Hagel and Sestak go to the mountaintop, see promised land | Blogh

Tuesday, August 24, 2010

Hagel and Sestak go to the mountaintop, see promised land

Posted By on Tue, Aug 24, 2010 at 1:44 PM

This may be as close as politics gets to a kumbaya moment in the entire 2010 election season.

This morning, former Nebraska Senator Chuck Hagel, a moderate Republican, endorsed Democrat Joe Sestak's bid for Senator.  

Few Pennsylvanian's could pick Hagel out of a line-up, of course, and he retired from the Senate in 2008. But the event was freighted with significance. Hosted near a statue of George Washington confabbing with Indian chief Guyasuta, the point of the event was to distinguish the moderate politics of Hagel -- and by extension Sestak -- from the tea-party right. 

"When heavy winds blow ... you want steady guys at the tiller," Hagel said, later adding, "I have never felt ... that trying to degrade your opponent really has any value."

More than once, Hagel denounced the emergence of "reckless" and "irreponsibile rhetoric," and said that Americans "want responsible leaders who speak responsibly."

Hagel was clearly not endorsing Sestak's stance on all the issues -- "I don't know all of Joe's positions [and] I suspect I disagree with him on a number of things" he acknowledged -- but rather a less divisive approach to political discourse. He lamented the possibility that people might be "intimidated out" of politics "by all this wild rhetoric." 

Implicit in all this, of course, is that Sestak's rival, GOP nominee Pat Toomey, is part of the problem. While Toomey has moderated his message this election season, he's long been the choice of the GOP wing that never forgave Rick Santorum for backing Arlen Specter in 2004. But when asked by a reporter to comment on Toomey's own record, Hagel demurred, calling Toomey "a good man [whose] views are his views."

Sestak picked up on the theme. He lauded George Washington for being "willing to reach out to the other side," as demonstrated by the sculpture nearby, and pledged to do the same. In fact, Sestak sounded sincere enough that local politico John DeFazio spoke up from the audience, urging Sestak not to go easy on his rival: Toomey, said DeFazio, "was a terrible Congressman for the middle class and the poor."

DeFazio needn't have worried. Even as Sestak and Hagel were speaking, the Democratic National Committee was sending out a blast e-mail that noted

an Associated Press story reporting that Kentucky Senate candidate Rand Paul got money from the operator of a pornographic Web site. the reason it mattesr here? Republican Senate nominee Pat Toomey also got $4,800 from the site's owner ...

Toomey's campaign hardly hurried to distance itself from the donor in question. 

"We have over 50,000 indivudal donors," Toomey campaign spokeswoman Nachama Soloveichik told the AP. "Many of those supporters do not agree with Pat Toomey on every issue ... We're happy to have those supporters, even if we differ on some issues."
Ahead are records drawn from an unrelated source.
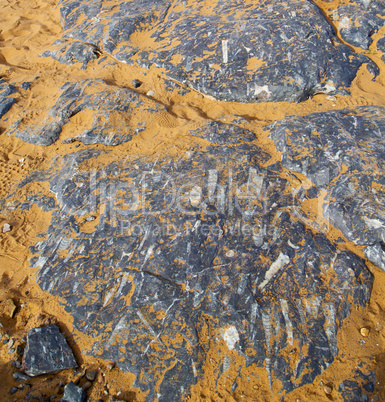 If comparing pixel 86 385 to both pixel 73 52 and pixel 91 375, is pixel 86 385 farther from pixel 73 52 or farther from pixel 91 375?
pixel 73 52

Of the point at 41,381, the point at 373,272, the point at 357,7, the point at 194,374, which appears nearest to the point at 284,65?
the point at 357,7

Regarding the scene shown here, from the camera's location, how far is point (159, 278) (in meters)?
2.22

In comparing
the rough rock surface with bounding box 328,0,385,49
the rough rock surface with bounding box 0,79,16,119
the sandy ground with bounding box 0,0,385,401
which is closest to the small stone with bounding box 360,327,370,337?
the sandy ground with bounding box 0,0,385,401

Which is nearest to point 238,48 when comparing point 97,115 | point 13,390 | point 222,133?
point 222,133

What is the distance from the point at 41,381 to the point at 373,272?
2696 mm

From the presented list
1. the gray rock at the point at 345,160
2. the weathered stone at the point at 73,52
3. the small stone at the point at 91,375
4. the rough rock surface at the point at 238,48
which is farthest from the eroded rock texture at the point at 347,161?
the weathered stone at the point at 73,52

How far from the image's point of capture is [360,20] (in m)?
4.19

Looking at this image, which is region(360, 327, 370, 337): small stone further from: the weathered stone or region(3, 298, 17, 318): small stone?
the weathered stone

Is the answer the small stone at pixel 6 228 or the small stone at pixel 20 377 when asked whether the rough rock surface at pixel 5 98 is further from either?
the small stone at pixel 20 377

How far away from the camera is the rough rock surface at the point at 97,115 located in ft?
11.1

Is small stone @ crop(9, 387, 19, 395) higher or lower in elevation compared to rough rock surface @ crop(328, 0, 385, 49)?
lower

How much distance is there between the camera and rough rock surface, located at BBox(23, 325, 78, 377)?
6.59ft

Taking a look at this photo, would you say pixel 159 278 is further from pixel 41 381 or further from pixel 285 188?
pixel 285 188

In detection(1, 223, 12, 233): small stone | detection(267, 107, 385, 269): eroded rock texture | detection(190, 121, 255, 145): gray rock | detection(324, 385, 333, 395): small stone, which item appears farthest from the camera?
detection(190, 121, 255, 145): gray rock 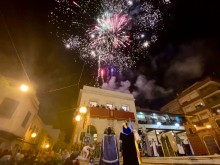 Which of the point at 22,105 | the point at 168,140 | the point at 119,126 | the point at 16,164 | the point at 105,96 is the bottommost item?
the point at 16,164

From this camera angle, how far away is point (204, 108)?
30.0 meters

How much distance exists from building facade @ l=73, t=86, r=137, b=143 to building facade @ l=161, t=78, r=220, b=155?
1176 cm

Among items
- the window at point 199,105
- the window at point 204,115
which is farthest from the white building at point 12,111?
the window at point 199,105

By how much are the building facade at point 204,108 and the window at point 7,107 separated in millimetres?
26660

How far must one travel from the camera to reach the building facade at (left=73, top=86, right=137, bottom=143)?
58.9 feet

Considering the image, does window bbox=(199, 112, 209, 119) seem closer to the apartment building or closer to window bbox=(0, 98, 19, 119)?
the apartment building

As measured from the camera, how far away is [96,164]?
8695 millimetres

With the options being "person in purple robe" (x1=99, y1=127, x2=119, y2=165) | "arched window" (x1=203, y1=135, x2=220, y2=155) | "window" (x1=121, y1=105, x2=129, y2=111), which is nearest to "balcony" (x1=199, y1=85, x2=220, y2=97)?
"arched window" (x1=203, y1=135, x2=220, y2=155)

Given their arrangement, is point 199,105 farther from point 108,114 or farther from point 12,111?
point 12,111

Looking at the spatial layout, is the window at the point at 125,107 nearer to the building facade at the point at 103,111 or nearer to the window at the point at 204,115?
the building facade at the point at 103,111

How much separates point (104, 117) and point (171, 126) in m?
14.2

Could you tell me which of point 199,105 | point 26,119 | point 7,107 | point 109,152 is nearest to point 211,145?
point 199,105

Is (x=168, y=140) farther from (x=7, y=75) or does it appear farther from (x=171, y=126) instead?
(x=7, y=75)

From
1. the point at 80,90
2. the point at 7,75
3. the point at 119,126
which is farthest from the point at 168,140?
the point at 7,75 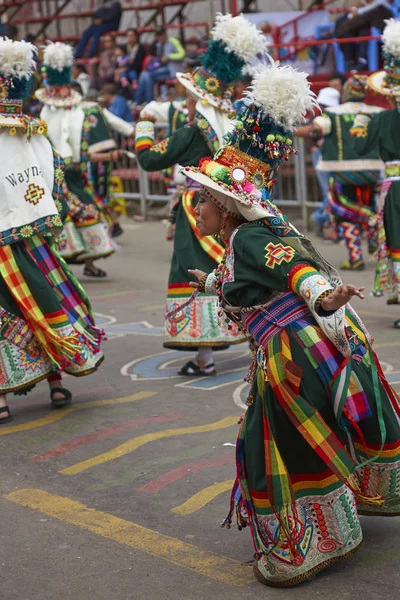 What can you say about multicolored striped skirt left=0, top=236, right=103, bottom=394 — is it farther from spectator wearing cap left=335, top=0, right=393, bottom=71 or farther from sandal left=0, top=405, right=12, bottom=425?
spectator wearing cap left=335, top=0, right=393, bottom=71

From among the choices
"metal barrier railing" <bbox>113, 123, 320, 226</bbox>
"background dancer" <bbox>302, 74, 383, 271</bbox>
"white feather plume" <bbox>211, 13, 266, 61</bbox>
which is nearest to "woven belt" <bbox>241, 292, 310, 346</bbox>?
"white feather plume" <bbox>211, 13, 266, 61</bbox>

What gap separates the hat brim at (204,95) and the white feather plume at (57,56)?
3566mm

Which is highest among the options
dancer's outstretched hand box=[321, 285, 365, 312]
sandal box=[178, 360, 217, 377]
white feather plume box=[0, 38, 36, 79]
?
white feather plume box=[0, 38, 36, 79]

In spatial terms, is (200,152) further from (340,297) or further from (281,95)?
(340,297)

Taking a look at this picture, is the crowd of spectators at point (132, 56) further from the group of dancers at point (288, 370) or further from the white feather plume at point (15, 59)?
the group of dancers at point (288, 370)

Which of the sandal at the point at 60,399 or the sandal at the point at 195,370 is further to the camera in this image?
the sandal at the point at 195,370

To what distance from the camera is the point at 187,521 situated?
14.8 ft

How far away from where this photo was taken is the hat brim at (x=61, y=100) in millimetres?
10555

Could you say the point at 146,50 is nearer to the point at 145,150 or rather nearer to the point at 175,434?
the point at 145,150

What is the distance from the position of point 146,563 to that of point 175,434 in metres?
1.69

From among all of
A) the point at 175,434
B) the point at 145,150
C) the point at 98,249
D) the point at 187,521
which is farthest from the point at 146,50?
the point at 187,521

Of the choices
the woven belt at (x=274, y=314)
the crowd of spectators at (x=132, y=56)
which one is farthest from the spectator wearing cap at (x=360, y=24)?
the woven belt at (x=274, y=314)

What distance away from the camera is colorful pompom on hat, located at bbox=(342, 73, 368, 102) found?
433 inches

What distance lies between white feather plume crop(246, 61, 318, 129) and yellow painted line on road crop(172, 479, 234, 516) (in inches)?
69.5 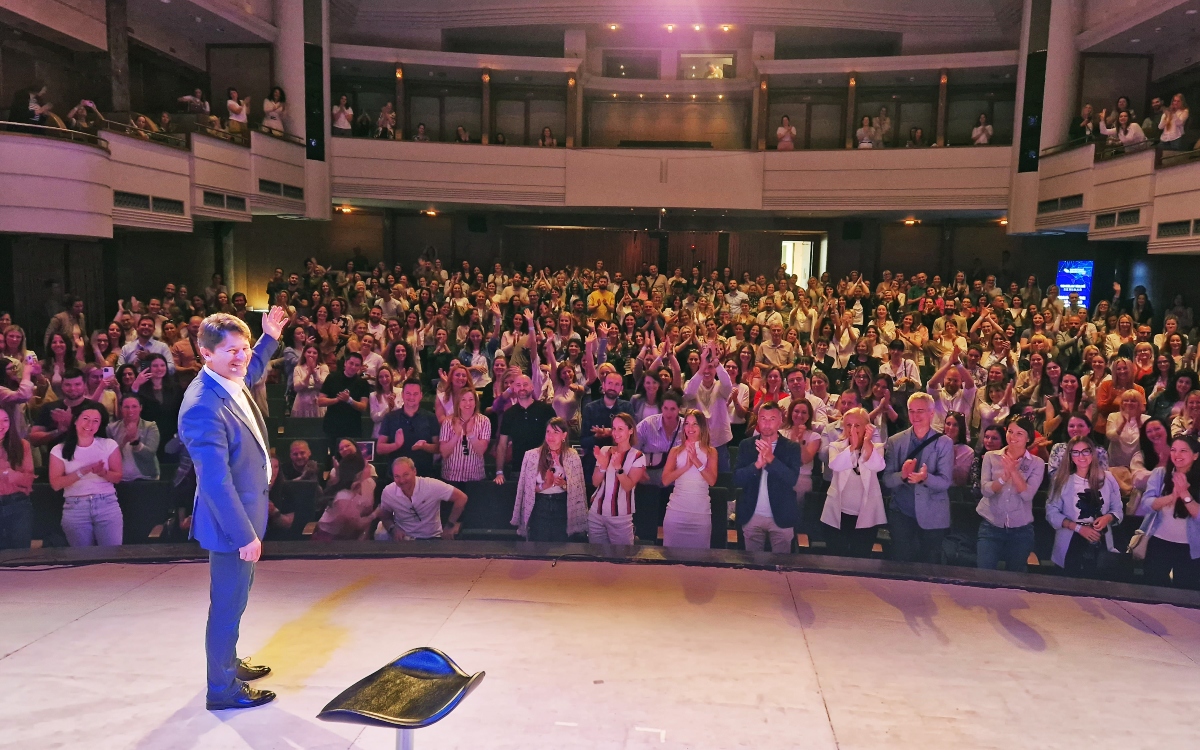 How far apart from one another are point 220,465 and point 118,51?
12.5 m

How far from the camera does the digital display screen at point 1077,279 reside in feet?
53.4

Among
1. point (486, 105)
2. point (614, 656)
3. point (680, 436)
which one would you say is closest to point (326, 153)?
point (486, 105)

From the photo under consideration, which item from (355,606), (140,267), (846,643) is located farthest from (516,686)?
(140,267)

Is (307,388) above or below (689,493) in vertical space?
above

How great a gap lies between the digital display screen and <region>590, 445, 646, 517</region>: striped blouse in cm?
1395

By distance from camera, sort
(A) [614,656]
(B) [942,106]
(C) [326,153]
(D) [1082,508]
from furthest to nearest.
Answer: (B) [942,106] → (C) [326,153] → (D) [1082,508] → (A) [614,656]

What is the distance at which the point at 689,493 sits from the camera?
5.13 m

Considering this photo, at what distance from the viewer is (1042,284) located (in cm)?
1783

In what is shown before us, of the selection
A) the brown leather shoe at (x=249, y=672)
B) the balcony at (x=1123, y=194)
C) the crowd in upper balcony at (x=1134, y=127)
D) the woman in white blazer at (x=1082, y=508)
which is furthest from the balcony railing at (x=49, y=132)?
the crowd in upper balcony at (x=1134, y=127)

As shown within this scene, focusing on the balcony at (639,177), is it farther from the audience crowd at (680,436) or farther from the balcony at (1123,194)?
the audience crowd at (680,436)

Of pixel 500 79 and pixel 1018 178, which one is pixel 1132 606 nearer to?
pixel 1018 178

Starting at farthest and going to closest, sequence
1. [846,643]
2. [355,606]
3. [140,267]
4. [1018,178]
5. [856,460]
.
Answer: [1018,178]
[140,267]
[856,460]
[355,606]
[846,643]

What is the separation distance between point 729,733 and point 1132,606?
2586mm

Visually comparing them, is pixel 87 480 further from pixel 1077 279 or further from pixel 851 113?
pixel 1077 279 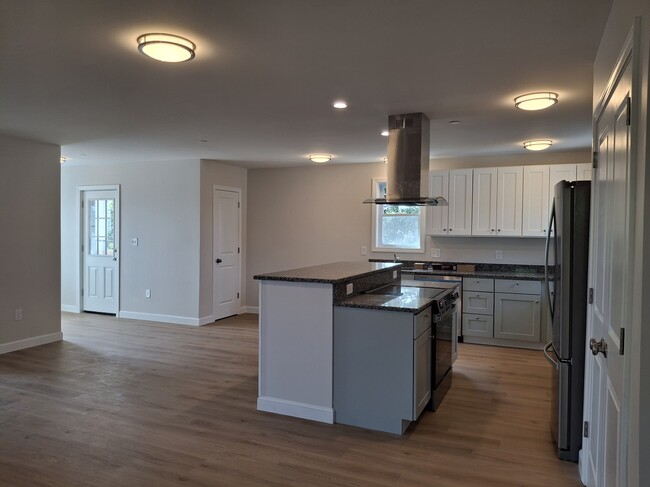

Well, I'll say this: The fact that Pat Toomey relies on smut peddlers for financial support may be the one thing he and I have in common. 

But political cycnicism was intruding even before Hagel and Sestak made their appearance. Some have wondered about Hagel's motives. The Washington Post, for example, has suggested that Hagel's support was really a "me for me"  endorsement:

... [I]t seems clear that Hagel's endorsement is more about his own future political prospects than those of Sestak. The simple fact is that Hagel is virtually unknown in Pennsylvania and his endorsement of Sestak won't even register with most Keystone State voters.

But, endorsing a Democrat in a high profile Senate contest could well help Hagel -- sending a clear signal to the Obama Administration about the very loose ties that he retains to the Republican party.

Hagel has made no secret of his interest in serving in the Obama Administration ...

After the press conference broke up, I asked Hagel to respond to this characterization of his motives.

"What's to respond to?" he asked. "I came out here for Joe Sestak. The White House didn't ask me to come here. Joe Sestak did."